## TASK INSTRUCTIONS
Every line below must be reproduced exactly; no pictures are to be included.

## DATA EXTRACT
==============================

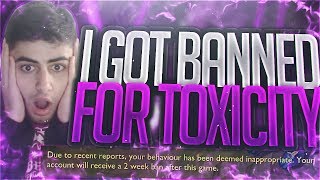 Yassuo | I GOT BANNED FOR TOXICITY!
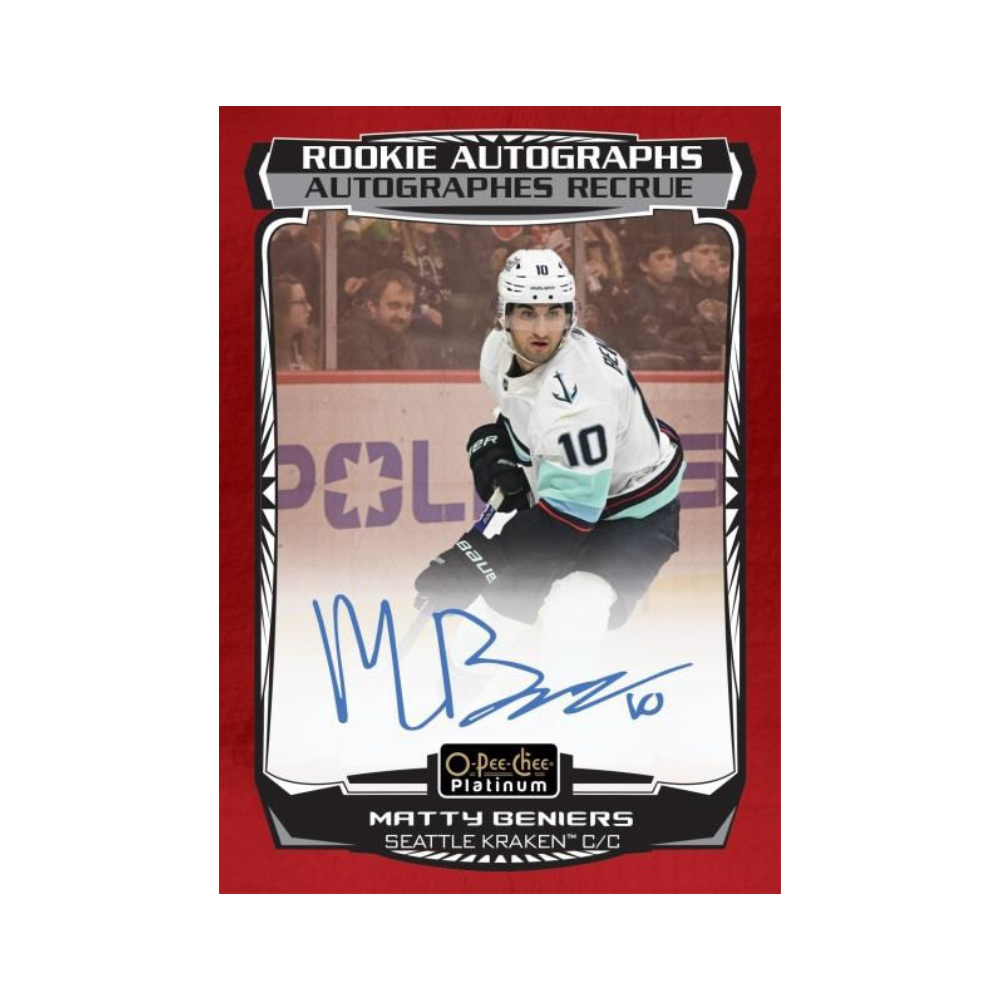 2022-23 Upper Deck O-Pee-Chee Platinum Hockey Blaster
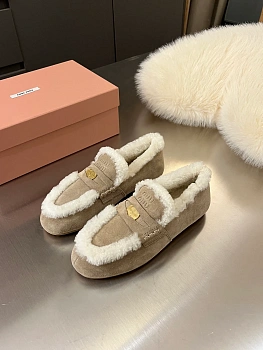 Лоферы И Мокасины Женские Miu Miu 165204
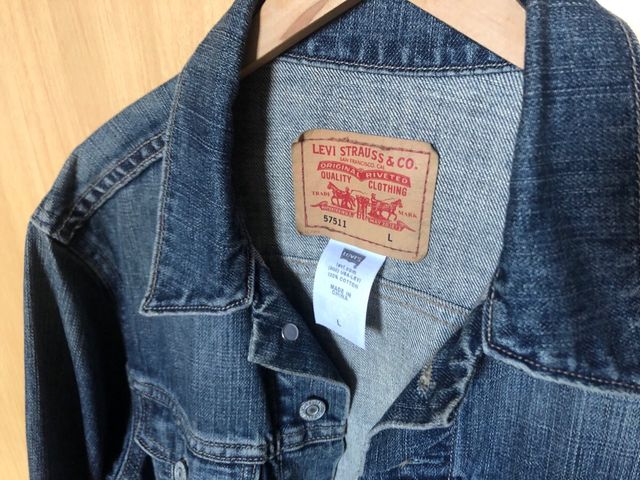 Cazadora Levis Nueva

==============================

## RESPONSE
 Yassuo | I GOT BANNED FOR TOXICITY!
 2022-23 Upper Deck O-Pee-Chee Platinum Hockey Blaster
 Лоферы И Мокасины Женские Miu Miu 165204
 Cazadora Levis Nueva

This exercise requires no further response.